Maurice Ravel was a French composer whose "decadent" aesthetic sensibilities shaped an important and often-overlooked contribution to his musical era, according to a new book by University of Virginia professor Michael J. Puri.

"Ravel the Decadent: Memory, Sublimation, and Desire," published on Feb. 27 by Oxford University Press, is a critical look at the under-noticed role Ravel's music played in the modernist movement, said Puri, an associate professor of music in the College of Arts & Sciences.

A graduate of Harvard, Yale, and the Music Academy in Basel, Switzerland, Puri is a musicologist and concert pianist who first encountered Ravel through his beautiful but technically challenging music for piano. Puri's research into Ravel grew beyond the piano music to include the composer's entire output. An article on Ravel's dandyism, which appears as a chapter in this book, received the Alfred Einstein Award from the American Musicological Society.

"I saw that there were gaps in the way historians accounted for late 19th- and early 20th-century music," Puri said. "Ravel's music remains very popular for classical musicians and audiences, but for various reasons he's been neglected in these narratives. It occurred to me that I had the opportunity to think new thoughts about a major repertoire."

Ravel is probably best known for "Boléro," a 1928 ballet and orchestral piece. Nevertheless, his aesthetic is rooted in the French literary "decadence," which flourished at the turn of the century and included such writers as the novelist Joris-Karl Huysmans and the poet Paul Verlaine. A "decadent," or highly ornamental but also sensual, approach to both music and life joined him to this larger artistic movement, Puri said.

"Decadence was a double-edged sword," he said. "On one hand the term had negative connotations.
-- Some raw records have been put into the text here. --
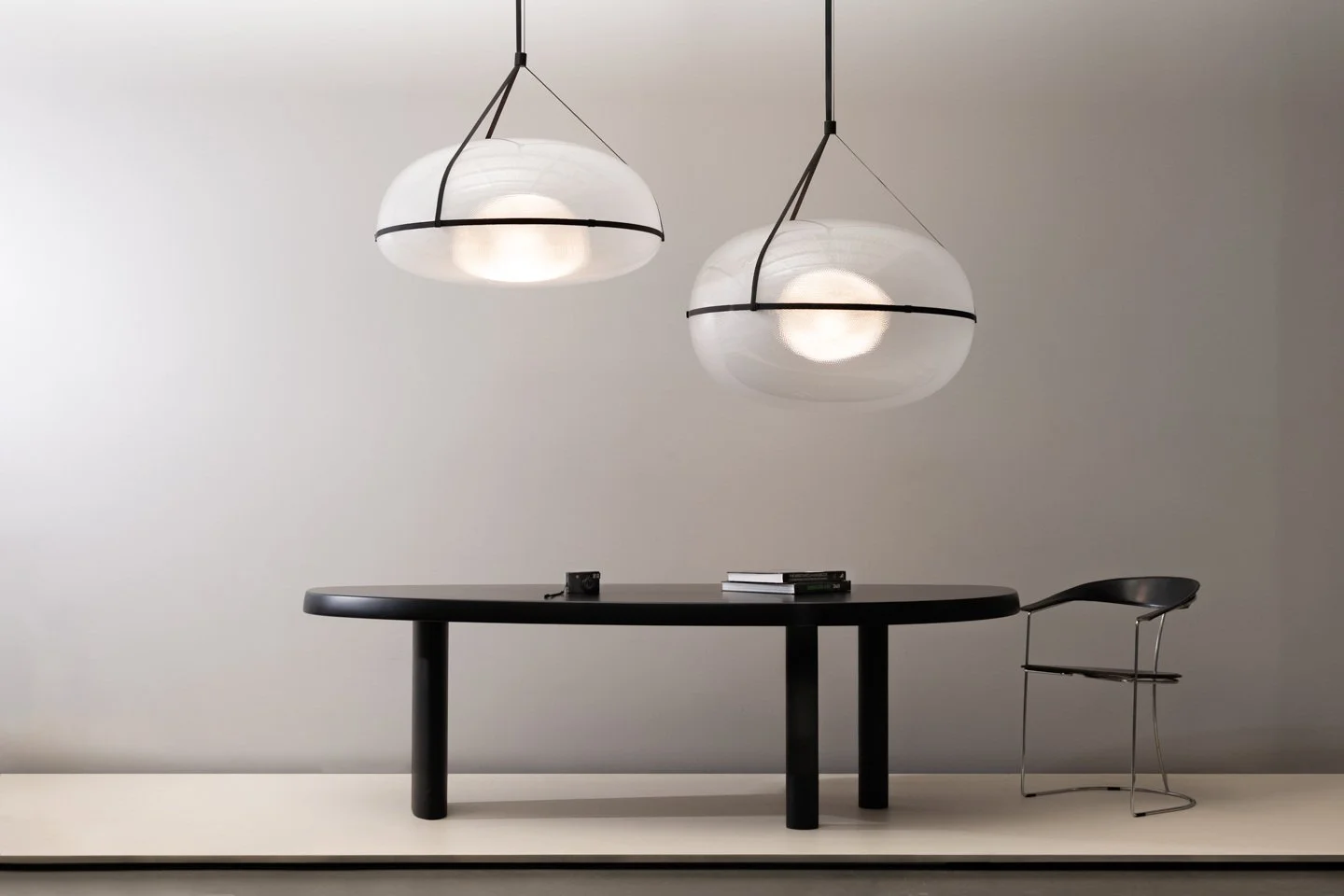 ANDlight_Iris_Pendant_InSitu_CourtesyofANDlight_1.jpg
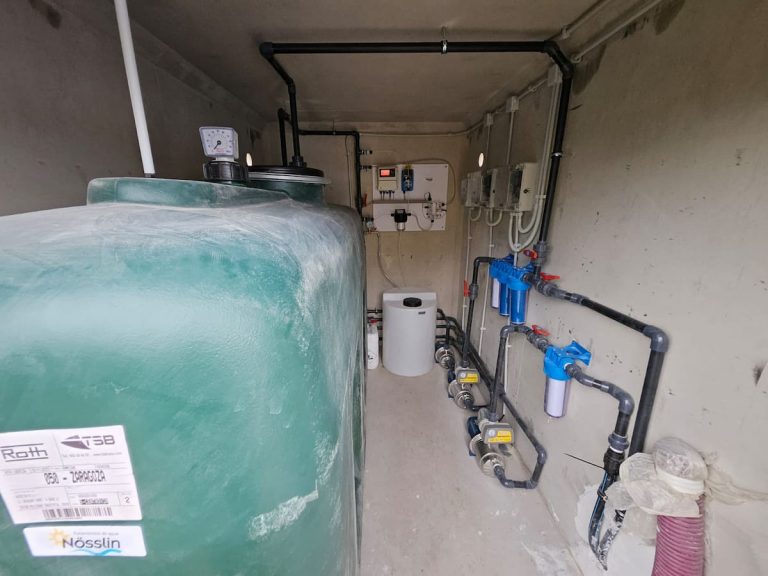 Instalación de potabilizadora en Barbastro con doble bomba y depósito de 2.000L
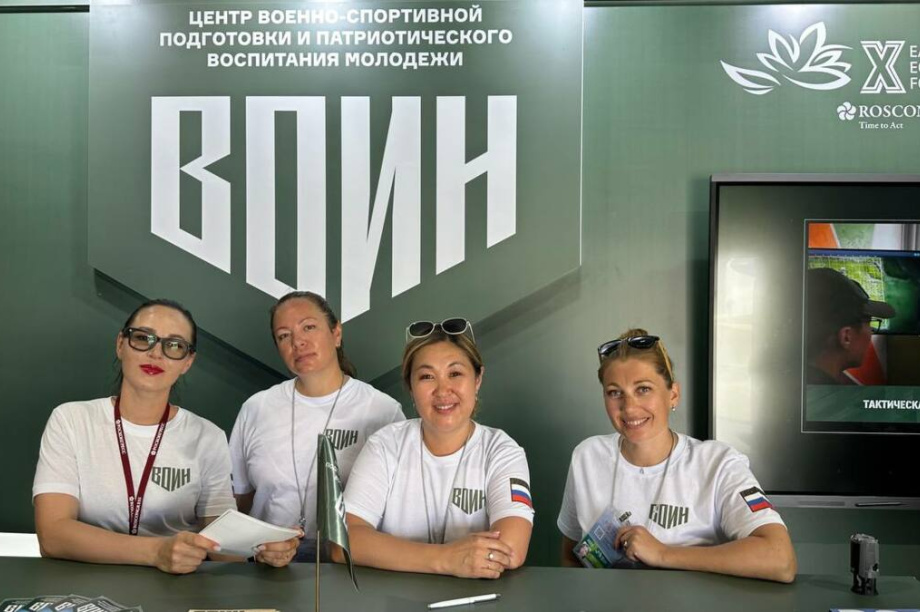 Юрий Трутнев оценил готовность стенда Центра «ВОИН» к ВЭФ-2025. . Фотография 1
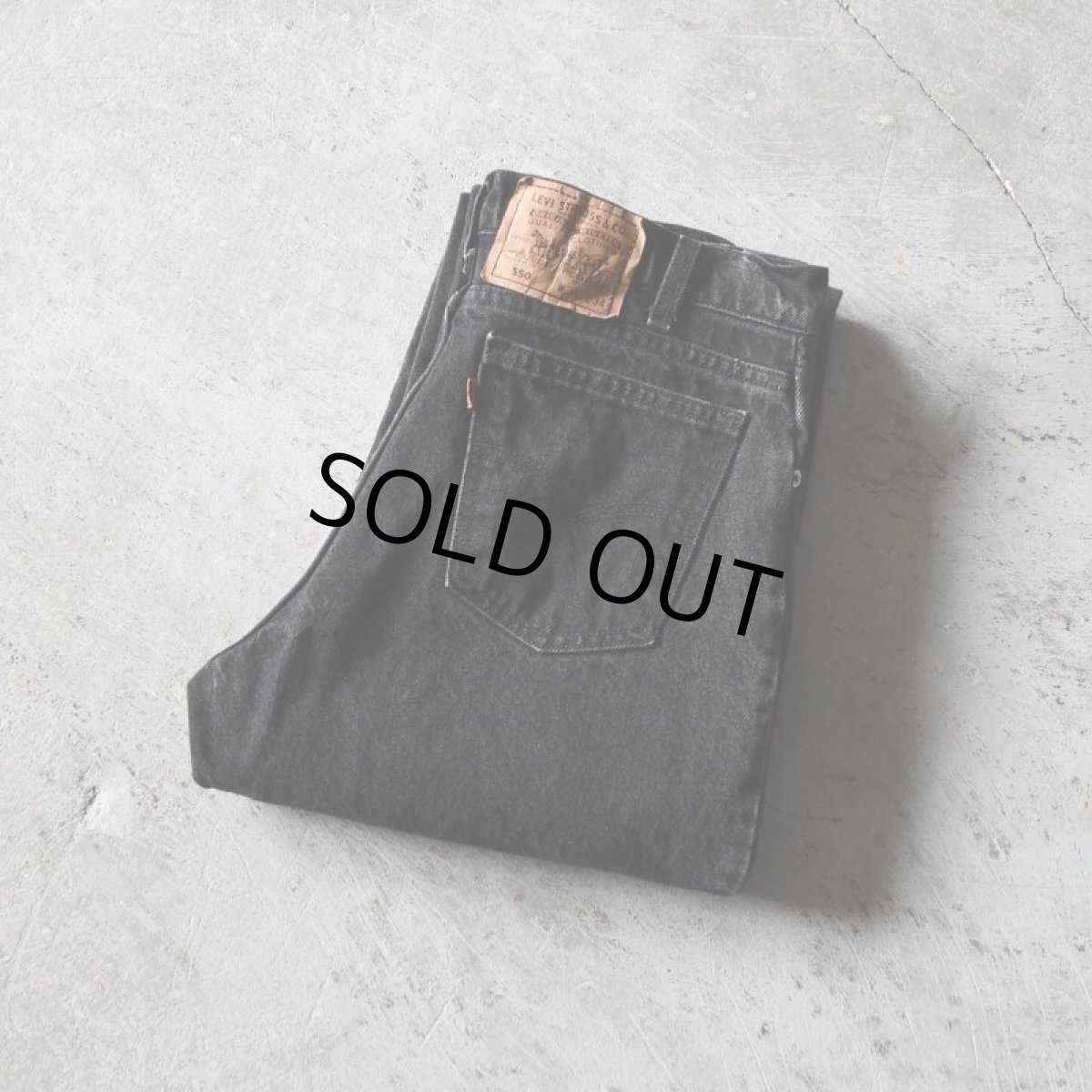 画像1: 1990s Levi's 550ブラック /オレンジタブ　 "MADE IN USA"　 表記W34 L34  (1)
On the other, it was precisely those sorts of connotations that an avant-garde movement, coalescing since about 1880, was trying to transform or revalue in adopting this term to describe themselves."

By identifying Ravel as a decadent, Puri places him into a generation of artists – painters, writers and musicians who produced from the end of the 19th century through the years between World Wars I and II – concerned with both internal psychology and external aesthetics. Dandyism, or the adoption of a fashionable public persona that was an artistic expression in itself, was part of this movement.

"Ravel embodied the decadence in remaining a dandy his whole life," Puri said. "He always stood out for his attire – cravat, hat, suit, handkerchief, and so forth. He wanted to be distinct in and stylish every way: in his verbal and written language, in his person and in his music."

The musical dandyism of the day generally exhibited a lighter attitude toward life than music by composers who grappled in their work with weightier issues such as sin and redemption.

"Ravel's music is more superficial in some ways, but a dandy might say that it's deeply superficial," he said.

The book's examination of Ravel's musical work as a whole originated in his specific investigation of the ballet "Daphnis et Chloé," the composer's magnum opus which will enjoy the 100th anniversary of its premiere on June 8. In that piece, Puri identified three themes that would also shape his understanding of Ravel's music in general: memory, sublimation and desire.

Memory refers to the repetition of musical passages and Ravel's tendency to evoke nostalgia in his music. Sublimation describes his tendency to both elevate certain musical elements and to transform raw emotion into a more cultured or civilized version of itself. In the French society of which Ravel was a part, desire was "sublimated" into socially acceptable vehicles such as courtship rituals, which also appear in Ravel's music, Puri said.

To examine this music, Puri often used a methodology similar to that employed by other humanities scholars, he said.

"They will occasionally stop and look hard at particular passages," he said. "Literary critics, for example, will 'close-read' a few pages or even a few paragraphs within a longer verbal text. I also do close readings of musical passages where appropriate, and try to fit them into the larger interpretive framework formed by the guiding concepts of the book."

"Michael has been in the vanguard of an important re-evaluation of Ravel, and there is no one who interprets music within its cultural contexts with more sophistication than he does," said Richard Will, who chairs the McIntire Department of Music. "I expect that his book will shape the conversation on this important and popular composer for many years to come."